Reviewed by Raoul Hernandez, August 23, 2002, Music

Can't Be Satisfied The Life & Times of Muddy Waters

by Robert Gordon

Little, Brown, 408 pp., $25.95

The Voice of the Blues Classic Interviews from Living Blues Magazine

Edited by Jim O'Neal & Amy Van Singel

Routledge, 427 pp., $25 (paper)

Now that Alan Lomax has died, another link to Muddy Waters has been washed away. That Robert Gordon, a former contributor to this paper, shifts credit for Waters' "discovery" from the Austin-born Library of Congress folklorist to John Work III, a professor at Nashville's prestigious black Fisk University who sought government funding for field recordings, is just one of Can't Be Satisfied The Life & Times of Muddy Waters many gratifications. As Gordon, author of 1995's lively It Came From Memphis and the forthcoming The Elvis Treasures, acknowledges in a wealth of post-narrative notes (100 pages of appendices, lists, guides, and notes), the great blues buddha was 15 years dead when Gordon picked up the scent. Definitive documentation is missing at every point of the Mississippi bluesman's vigorous legend, but the author's deliberate backtracking harvests a truly American tale in the form of Waters' first extensive biography. From Deep South sharecropper to Chicago shredder, Waters and the Cherokee blood in those high, ruby cheeks of his indeed gather no moss in transforming acoustic blues to electric boogaloo.

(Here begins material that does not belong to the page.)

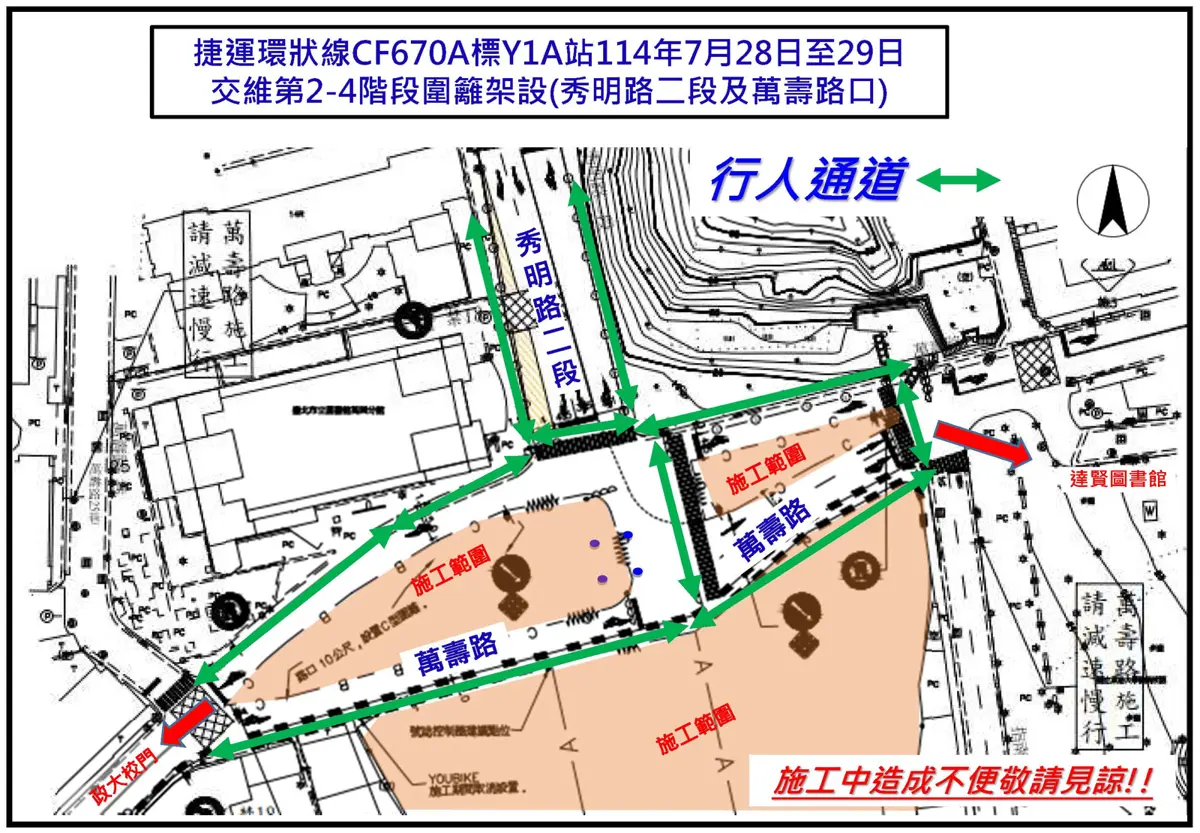 環狀線施工延期至28日 文山區交通改道計畫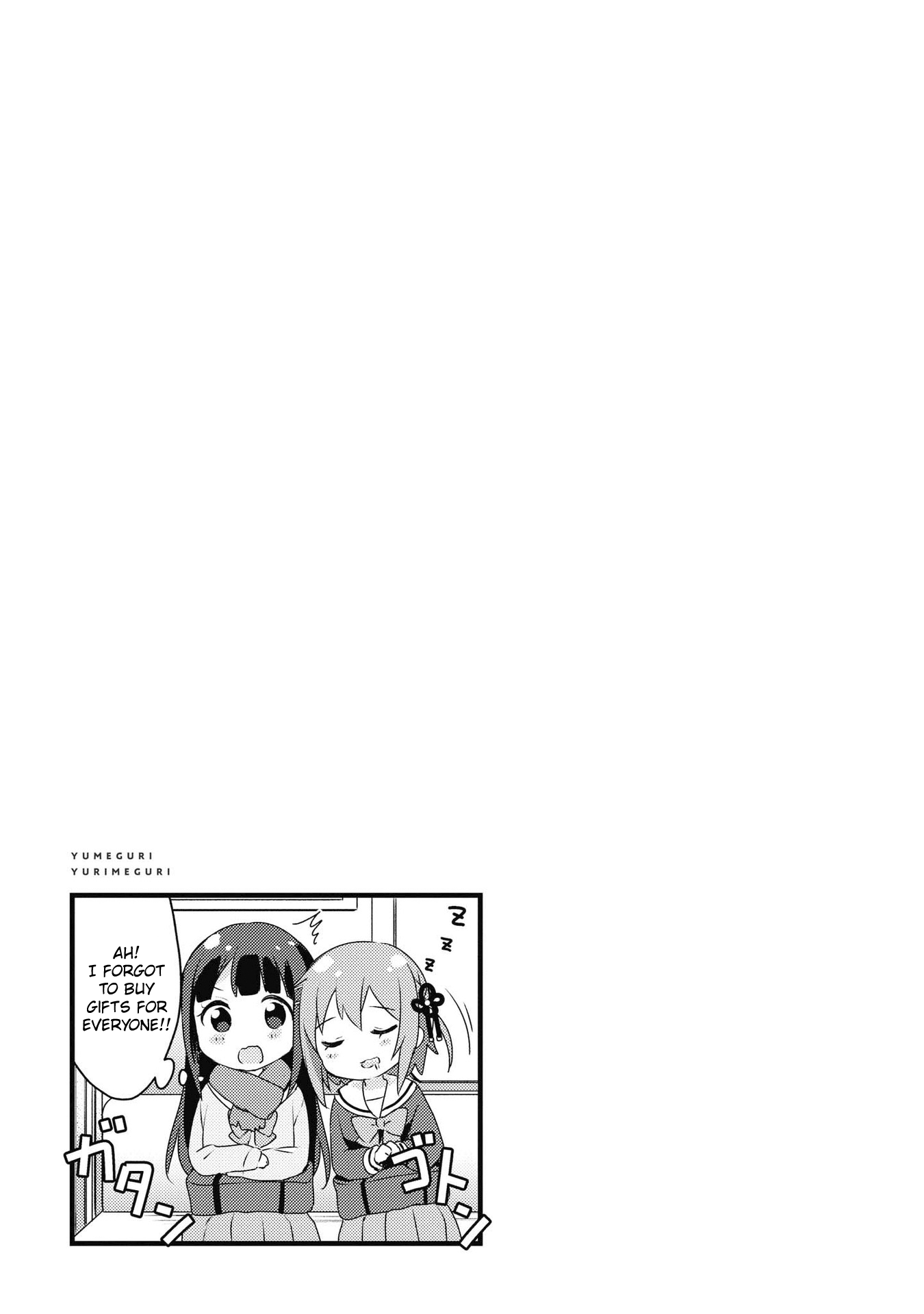 Yumeguri Yurimeguri Chapter 41 page 15 - Chapter 41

Chess Records, the house that built (and conversely was built by) Little Walter, Jimmy Rogers, Junior Wells, James Cotton, Otis Spann, Willie Dixon, Howlin' Wolf, plays stage to most of Can't Be Satisfied, and in doing so, the book becomes as much a history of post-war blues as it is document of the "Hoochie Coochie Man" himself. A tight, economic style defines Gordon's prose, and what it occasionally misses in the flourishing elegance of peer/source Peter Guralnick, it makes up for with a constant forward rhythm not unlike its subject's songs. That said, for every LP's worth of gems like "the harmonica is a breath away from the soul of a man," there's a clunker like, "that blew a hole in his swiss cheese." Overall, Gordon's is a game, inventive pen.

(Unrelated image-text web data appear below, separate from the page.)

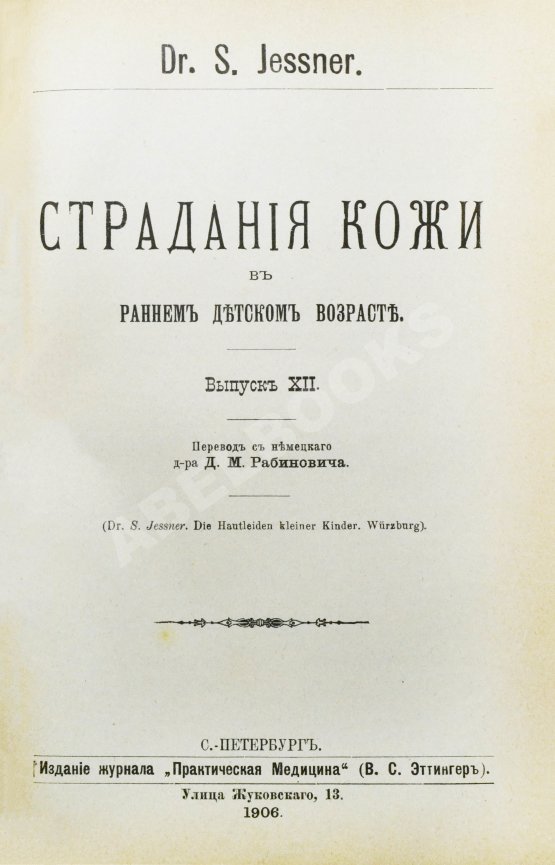 Антикварная книга Конволют 13 книг Самуэля Иесснера по дерматовенерологии Антикварная книга Конволют 13 книг Самуэля Иесснера по дерматовенерологии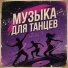 DJ DeepH, Музыка для танцев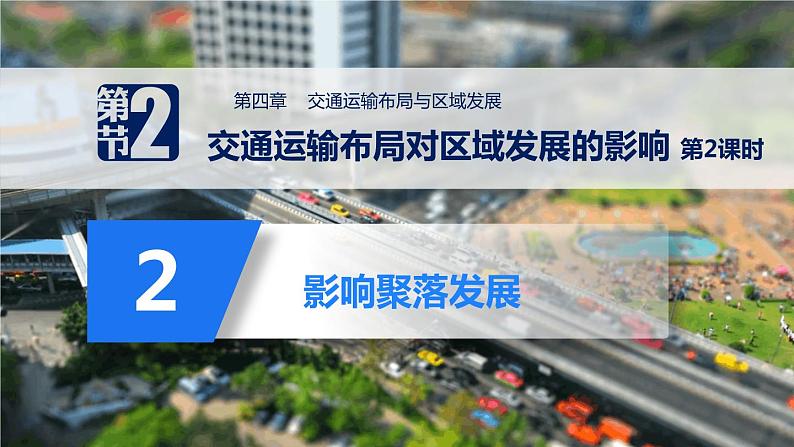 人教版2019高中地理必修二4-2.2交通运输布局影响聚落发展 课件第5页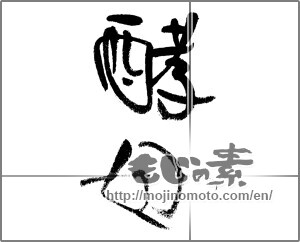 Japanese calligraphy "酵母" [21494]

One of his sources, Living Blues Magazine, has spun off its own historical preserve in The Voice of the Blues, 12 interviews with blue bloods such as Waters, T-Bone Walker, John Lee Hooker, Jimmy Reed, and Freddie King. Most Q&As reach the 50-page range, their academic detailing usually balanced out by the undiluted nature of the format. More essays along the line of the volume's moving tribute to Sleepy John Estes would have been welcome, but not in favor of priceless sit-downs with Walker and Reed, or the only Q&A on record with a breath away from the blues, Little Walter.

"This dirt has meaning," concludes Gordon in Can't Be Satisfied, and like The Voice of the Blues, it stakes its claim.